Comme dans le cas de start-up rencontrées, le Dirigeant se retrouve souvent seul.
Et si ce point est également valable pour un certain nombre de TPE/PME, ici la spécificité est que la solitude confine à l’isolement…et la plupart du temps à la lassitude : « récemment, je me suis demandé si j’allais continuer ».
Le besoin, comme dans le cas des start-up, est d’avoir accès à des solutions de financement et d’accompagnements adaptées et de haut niveau de valeur ajoutée.
Des outils institutionnels tels que les audits CODEFI, avec les Commissions de Chef de Service Financier, au sein des DDFIP, ont fait leur preuve…même si l’on observe un recours aux CODEFI très hétérogène suivant les régions et un flux moindre depuis 2 ans.
En parallèle, les interventions réalisées en direct par les services du Ministère du redressement productif portent le plus souvent sur des entreprises de surface supérieure aux PME.
Or, pour une Région, le sauvetage d’une PME en difficulté avec des enjeux d’emplois forts est tout aussi structurant à l’échelle d’un territoire que le développement de start-ups.
Par ailleurs, il est communément admis que plus l’accompagnement est réalisé en amont de graves difficultés (dettes trop importantes pour être apurées sans une procédure judicaire), plus les chances de rebond de l’entreprise sont importantes.
Un retour d’expérience d’audits CODEFI menés dans différentes régions françaises ne pourrait-il pas éclairer des pistes possibles d’accompagnement ? Quid également d’un référencement de professionnels du retournement d’entreprises ?
  • Et quid des ETI ?
Elles sont bien entendu stratégiques pour les régions ! Elles pèsent des centaines voire des milliers d’emplois et développent la plupart du temps de nouvelles activités (R&D). Elles sont des locomotives pour les wagons de TPE/PME. Elles sont des exemples à suivre.
Ont-elles des besoins ? Quels sont-ils ?
Et bien à notre grand étonnement, elles sont sorties du radar régional.

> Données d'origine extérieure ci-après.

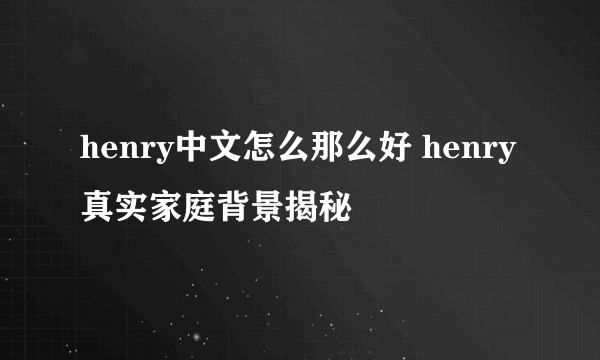 henry中文怎么那么好 henry真实家庭背景揭秘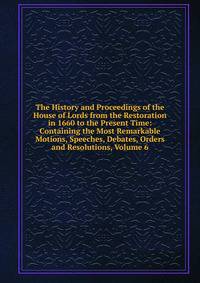 The History and Proceedings of the House of Lords from the Restoration in 1660 to the Present Time: Containing the Most Remarkable Motions, Speeches, Debates, Orders and Resolutions, Volume 6
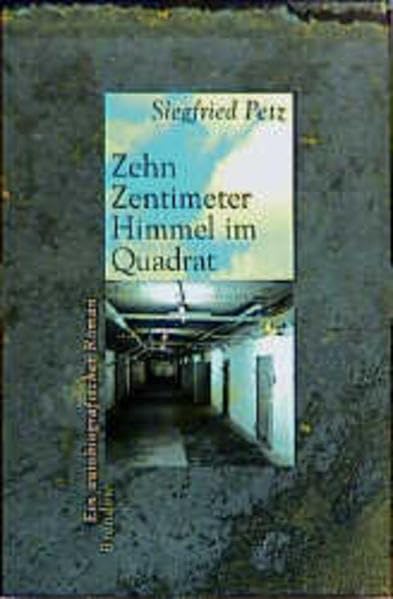 Zehn Zentimeter Himmel im Quadrat: Ein autobiographischer Roman (Edition C - C) Books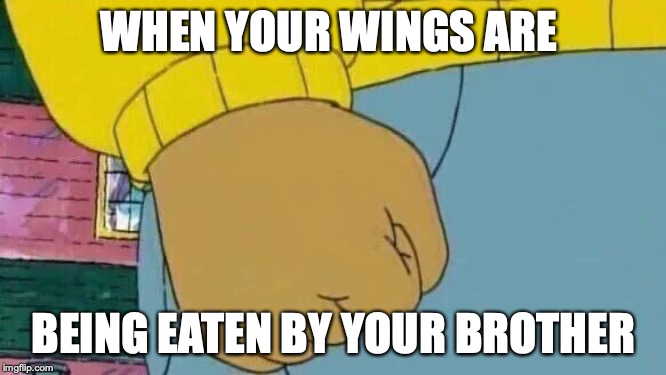 Arthur Fist | WHEN YOUR WINGS ARE; BEING EATEN BY YOUR BROTHER | image tagged in memes,arthur fist | made w/ Imgflip meme maker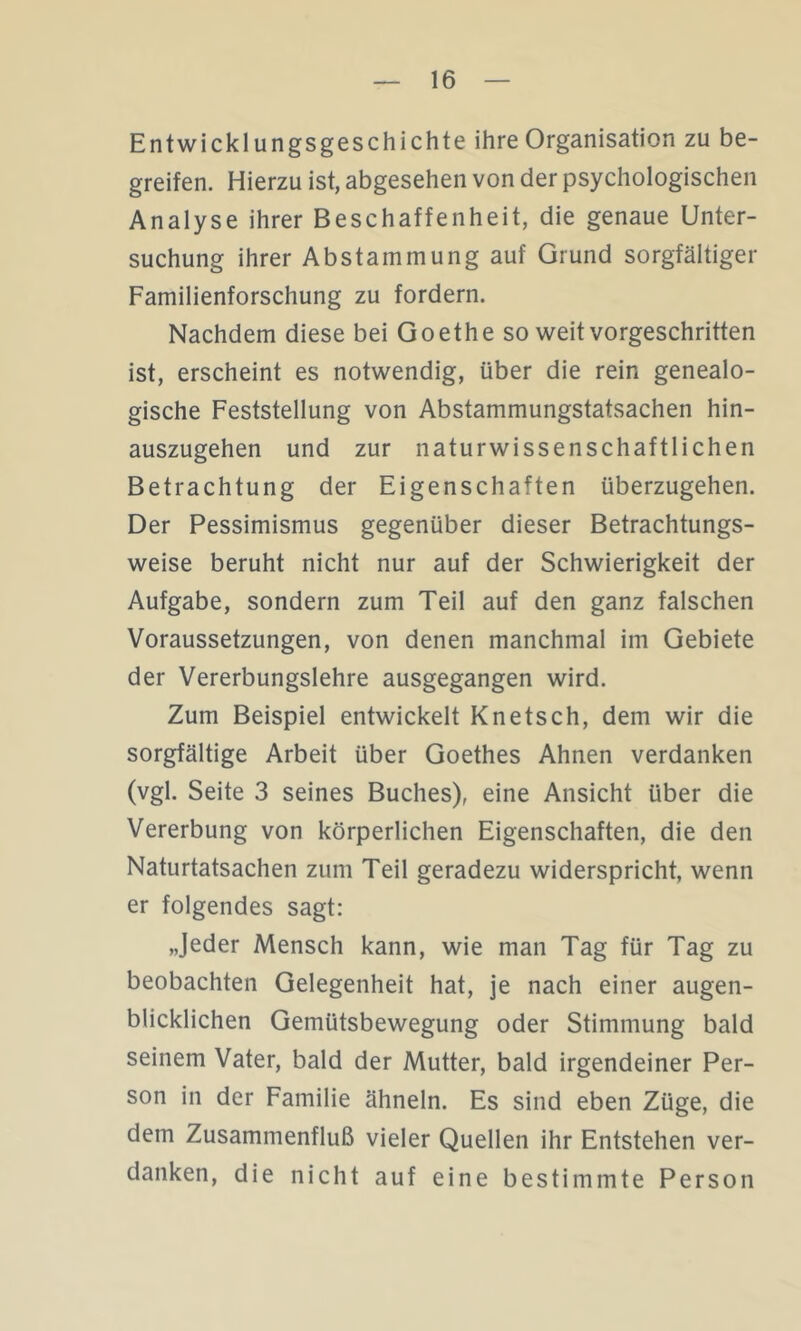 Entwicklungsgeschichte ihre Organisation zu be- greifen. Hierzu ist, abgesehen von der psychologischen Analyse ihrer Beschaffenheit, die genaue Unter- suchung ihrer Abstammung auf Grund sorgfältiger Familienforschung zu fordern. Nachdem diese bei Goethe so weit vorgeschritten ist, erscheint es notwendig, über die rein genealo- gische Feststellung von Abstammungstatsachen hin- auszugehen und zur naturwissenschaftlichen Betrachtung der Eigenschaften überzugehen. Der Pessimismus gegenüber dieser Betrachtungs- weise beruht nicht nur auf der Schwierigkeit der Aufgabe, sondern zum Teil auf den ganz falschen Voraussetzungen, von denen manchmal im Gebiete der Vererbungslehre ausgegangen wird. Zum Beispiel entwickelt Knetsch, dem wir die sorgfältige Arbeit über Goethes Ahnen verdanken (vgl. Seite 3 seines Buches), eine Ansicht über die Vererbung von körperlichen Eigenschaften, die den Naturtatsachen zum Teil geradezu widerspricht, wenn er folgendes sagt: „Jeder Mensch kann, wie man Tag für Tag zu beobachten Gelegenheit hat, je nach einer augen- blicklichen Gemütsbewegung oder Stimmung bald seinem Vater, bald der Mutter, bald irgendeiner Per- son in der Familie ähneln. Es sind eben Züge, die dem Zusammenfluß vieler Quellen ihr Entstehen ver- danken, die nicht auf eine bestimmte Person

Serions taxé d’exagération que nous prendrions volontiers ce risque s’il pouvait faire bouger les lignes.
Elles sont sorties du radar si l’on veut bien faire la différence entre la raison d’être d’un projecteur et celle d’un radar.
Certes, leur terrain de jeu est international.
Certes, leur siège social a parfois déménagé.
Pour autant, à l’échelle d’un territoire, elles sont stratégiques comme dit.
En outre, leur berceau régional/local garde une place spéciale dans le développement de ce qui est devenu un groupe.
Alors ? Est-il possible d’imaginer des solutions concrètes pour répondre à certains propos entendus lors de notre étude tels que : « parfois nous ne savons pas si nous sommes les bienvenus dans notre région » ?
  • Ouverture vers des réflexions pour les pouvoirs publics :

Cette étude met en exergue des points qui apparaissent comme autant de facteurs clés de réussite d’une offre d’accompagnement d’entreprises à l’échelle d’une région. Nous en avons retenu 4 :

1 – Cette offre doit s’inscrire dans une volonté politique forte.
L’exemple de la Région Rhône-Alpes peut éclairer des débats possibles : la volonté politique de cette Région est d’accompagner 1000 entreprises dans le temps d’une mandature et le budget alloué pour les prestations d’accompagnement est de 25 ME.
2 – Cette offre doit s’appuyer sur un mix-marketing et un modèle économique aboutis.
Les pratiques commerciales et logistiques d’entreprises privées et publiques peuvent être sources d’inspiration (à aligner avec le sens de l’action publique).
La question du modèle économique doit être posée.
3 – Cette offre doit être pilotée / monitorée selon les standards d’une gestion de programme.
Une organisation doit être mise en place avec des pilotes comptables des actions engagées et des acteurs mettre d’œuvre sur le terrain.
4 – Cette offre doit s’appuyer sur des ressources humaines identifiées et compétentes.
Identifiées dans le sens affectées et un dimensionnement est à faire pour que les moyens soient alignés sur les objectifs et l’ambition politique.
Compétentes car, au-delà d’une culture de l’entreprise, des compétences marketing et commerciale sont indispensables pour déployer l’offre.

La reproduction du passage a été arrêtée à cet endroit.